I will quickly describe both.

 

Function-based index

Not only values from one or more columns can be indexed. Oracle database can also index values that are returned by a function. For example, there might a table with three columns:

Products
prod_id prod_buy_price  prod_sell_price
1 100 120
2 6  7

I might be interested in a margin for each product - a difference between the selling price and the buying price. I can easily write a query to return a margin for each product.

SELECT prod_id, prod_sell_price - prod_buy_price
FROM Products

That was easy, but I have millions of products in that table and I want to filter out only those where the margin is higher than 10. A proper query would be as follows:

SELECT prod_id, prod_sell_price - prod_buy_price
FROM Products
WHERE prod_sell_price - prod_buy_price > 10;

That was not difficult either, but the above query is very inefficient if it is not supported by a proper index. Indexing any or even all the columns would not help much because the database must filter by a virtual column not a physical one. Values of (prod_sell_price - prod_buy_price) does not exist in the table but they can be easily calculated from the values that ARE in the table.

To help in such cases, Oracle implemented function-based indexes. They can index values that are results of a function or a calculation - like (prod_sell_price - prod_buy_price). Such index can be easily created by the following statement.

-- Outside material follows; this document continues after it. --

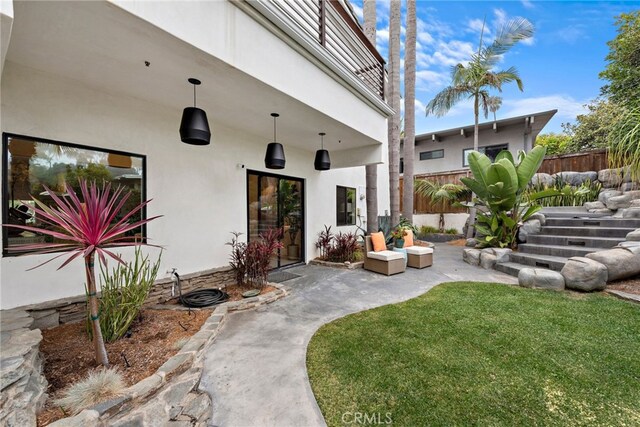 property entrance featuring a patio and a lawn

CREATE INDEX IX_prod_margin ON Products (prod_sell_price - prod_buy_price);

If such index exists, the database has a chance to use it for optimizing the query that filters by the margin.

 

Not indexing NULL values

NULL values in the relational theory means unknown. NULL is not a value like any other. It means that the value is not known, not set, not provided. Based on this concept, architects from Oracle Corporation thought hmm, NULL is not a value but a lack of value so why to index missing values? As they thought, they implemented it. NULLs are not included in an index. The consequences are important.

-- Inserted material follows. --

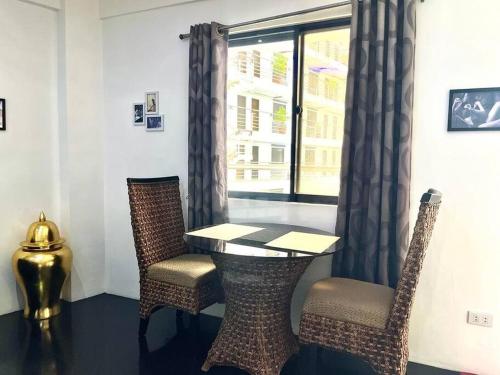 a table and chairs in a room with a window at Sheryll Escapes - Kandi luxury 1BR, housekeeping & Netflix! in Angeles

First of all, Oracle cannot efficiently query for NULLs. For example a query with WHERE prod_sell_price IS NULL cannot be easily optimized by creating an index on the prod_sell_price column. Rows matching this condition are not reflected in the index so it is pretty useless for such query.

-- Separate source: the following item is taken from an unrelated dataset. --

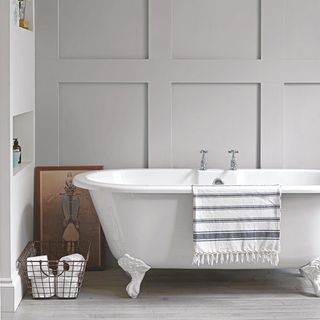 bathroom with grey wall white bathtub and grey wooden flooring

Secondly, as only real values are included in the index, it is smaller.

 

Filtered index equivalent in Oracle

Function-based index feature and the fact of not indexing NULL values enables an ability to achieve a similar result in Oracle as filtered indexes do in SQL Server. I will refer to the same query sample that I used to present filtered indexes in the previous article.

SELECT *
FROM user_messages
WHERE mes_receiver_usr_id = 234
AND mes_unread = 0;

Most of the rows in the table have mes_unread = 1. Only a relatively small subset has mes_unread = 0.

I know that NULLs are not included in the index by design and I do not want to include the rows with mes_unread = 1, so my first step will be to come up with a calculation or a function that would convert mes_unread unwanted values (1) to NULL. It can be simply done by CASE WHEN mes_unread = 1 THEN NULL ELSE mes_unread END expression.

In the second step I create a function-based index on a result of this expression.

CREATE INDEX IX_mes_unread ON user_messages (CASE WHEN mes_unread = 1 THEN NULL ELSE mes_unread END);

After doing this, there is an index that consists of references to rows with mes_unread other than 1 because NULLs are not indexed.

I am almost done but not completely. My query still does not use the index. The reason is pretty simple - the database does not understand how this index created on the expression could help the query that does not use the expression. I hope the solution is becoming clear - I need to make the query to use the expression. Here is how the query could look like:

SELECT *
FROM user_messages
WHERE mes_receiver_usr_id = 234
AND (CASE WHEN mes_unread = 1 THEN NULL ELSE mes_unread END) = 0;

VoilĂ ! That is all. The index is small as it does not contain references to rows with mes_unread = 1 and It is more efficient because it is not so big and heavy. The result achieved is quite similar to what filtered indexes offer in SQL Server. The biggest disadvantage is a need of modifying the query to use the indexed expression. If you can afford it, it can make a big improvement for some of your queries.